- Data segment -

--------------------------------

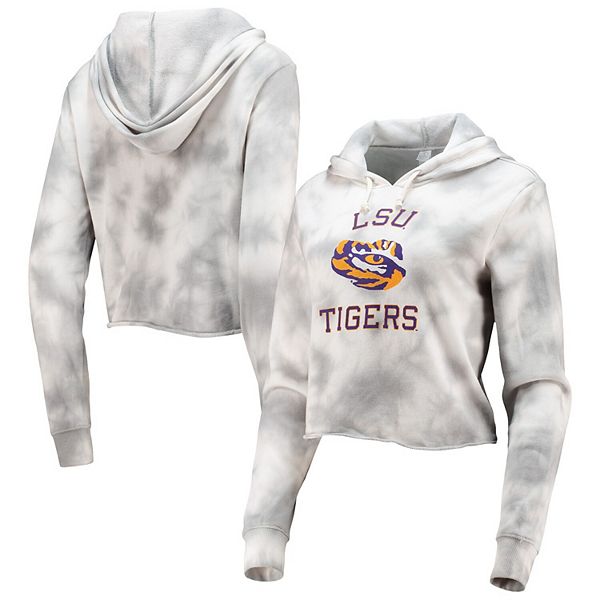 NFL Kansas City Chiefs Girls' Gray Tie-Dye Crop Hooded Sweatshirt - L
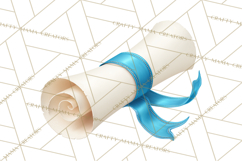Graduation Diploma Clipart PNG, Classic Diploma Scroll Product Image 2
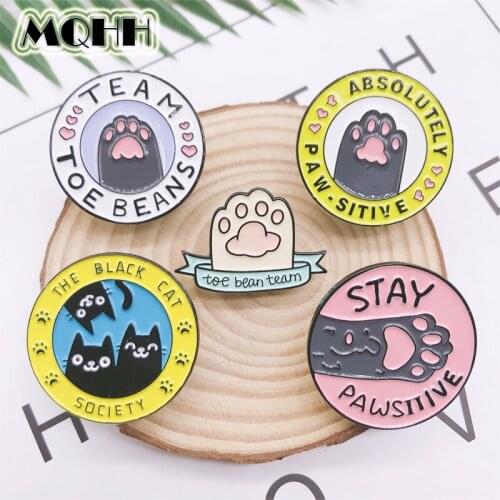 Cartoon Pink Cute Round Enamel Brooch Animal Dog Paw Love Heart Alloy Badge Clothes Bag Pin Accessories Jewelry Gift For Friends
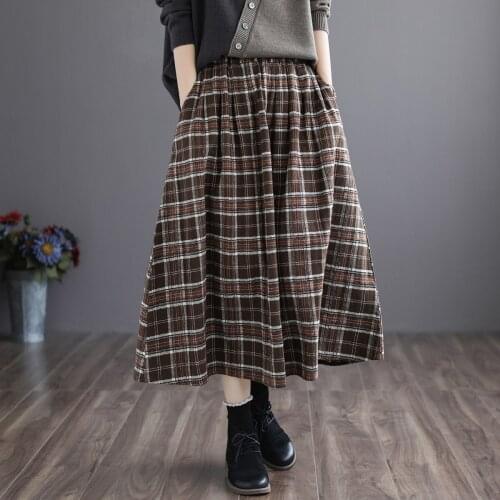 New Spring Women Cotton Linen Literary Plaid Skirt Elastic Waist Loose A-line Women Skirts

--------------------------------

- Task brief -
The response has to be an exact copy of all the data, pictures excluded.

- Result for this exercise -
 NFL Kansas City Chiefs Girls' Gray Tie-Dye Crop Hooded Sweatshirt - L
Graduation Diploma Clipart PNG, Classic Diploma Scroll Product Image 2
 Cartoon Pink Cute Round Enamel Brooch Animal Dog Paw Love Heart Alloy Badge Clothes Bag Pin Accessories Jewelry Gift For Friends
 New Spring Women Cotton Linen Literary Plaid Skirt Elastic Waist Loose A-line Women Skirts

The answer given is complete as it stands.